## What you need to do
Copy word for word the lines in the records below, starting at the line with "0281010808 ECU comprar Sevilla" and ending at the line with "ALPHA PVP Нефтегорск". Skip the pictures.

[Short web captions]
▼
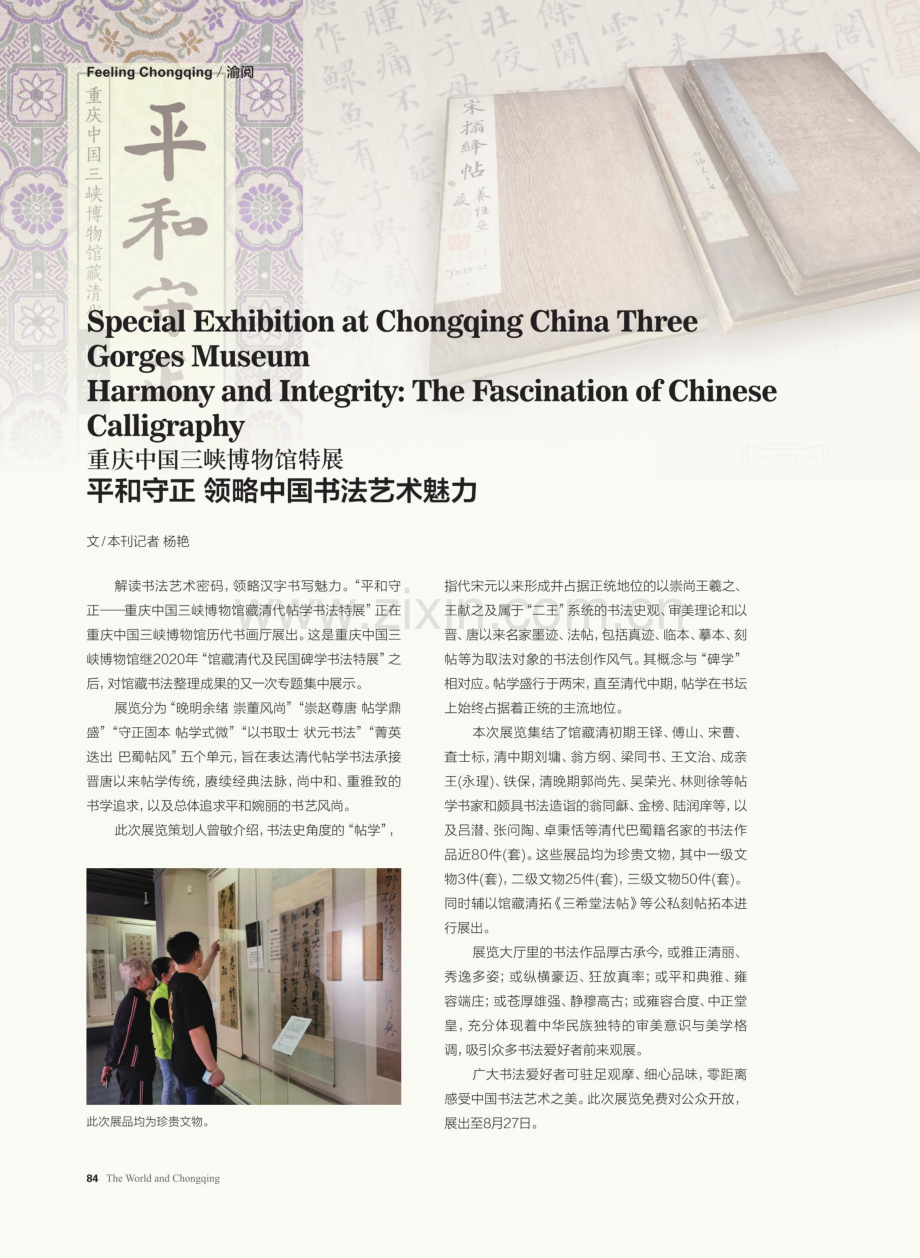 重庆中国三峡博物馆特展 平和守正 领略中国书法艺术魅力.pdf_第1页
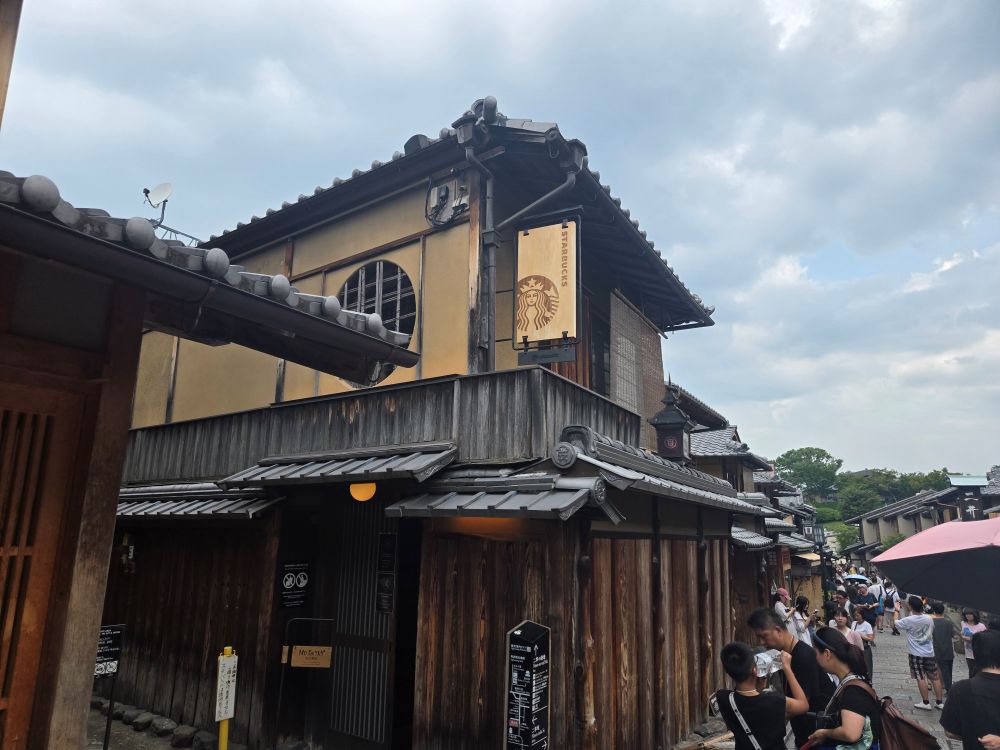 일본 답사('25.8) - 이미지 13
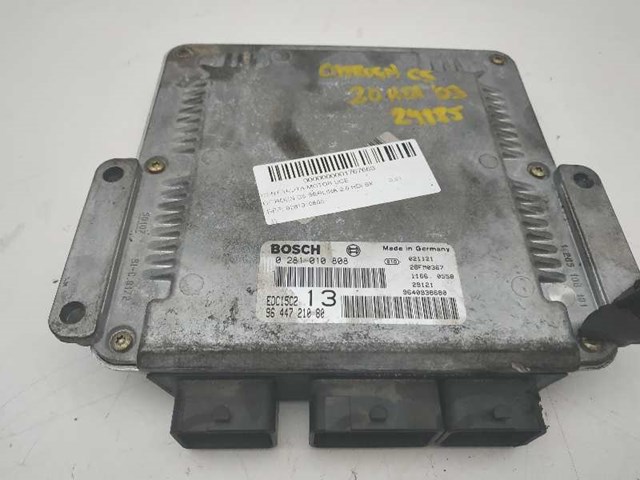 0281010808 ECU comprar Sevilla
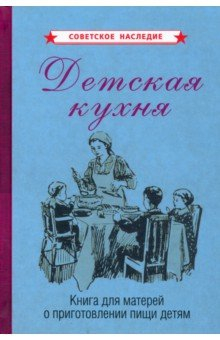 Книга Детская кухня. Книга для матерей о приготовлении пищи детям (1955) на ReadRate.com книга Детская кухня. Книга для матерей о приготовлении пищи детям (1955)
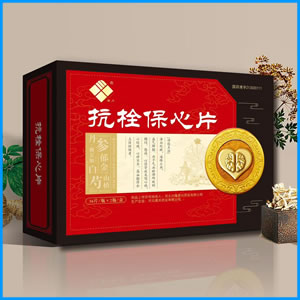 菏泽市|抗栓保心片 国药准字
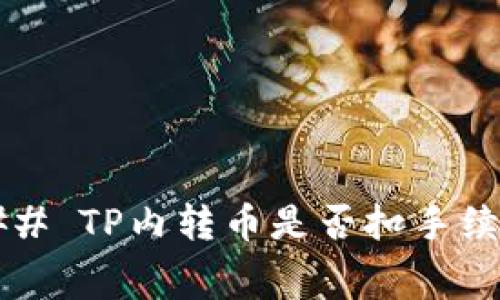 ### TP内转币是否扣手续费？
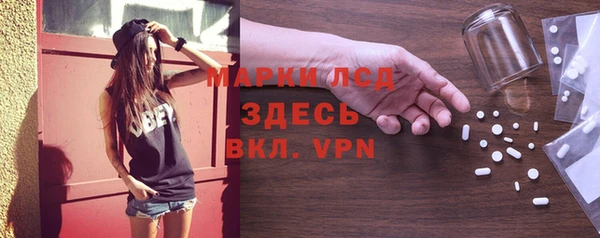 ALPHA PVP Нефтегорск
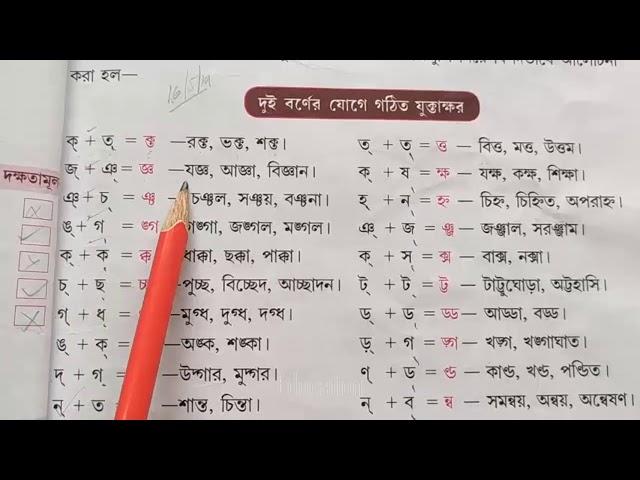 বাংলা যুক্তাক্ষরের সঠিক উচ্চারণ ও ব্যবহার | বাংলা সংযুক্ত বর্ণ ক্ট, ঞ্জ, দ্ব, ন্ত I Education I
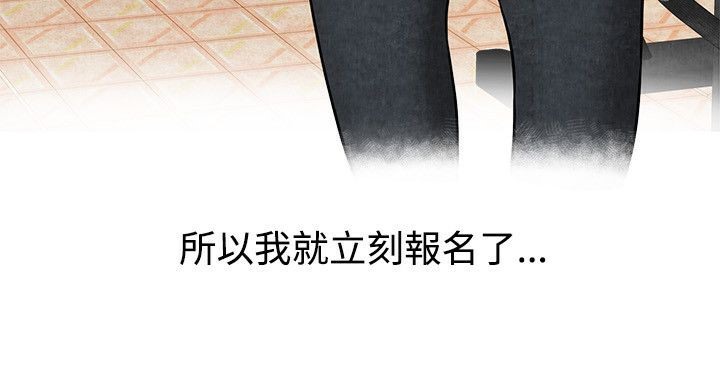 親愛的,我劈腿了第59話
▲
## Response
 0281010808 ECU comprar Sevilla
 Книга Детская кухня. Книга для матерей о приготовлении пищи детям (1955) на ReadRate.com книга Детская кухня. Книга для матерей о приготовлении пищи детям (1955)
 菏泽市|抗栓保心片 国药准字
 ### TP内转币是否扣手续费？
 ALPHA PVP Нефтегорск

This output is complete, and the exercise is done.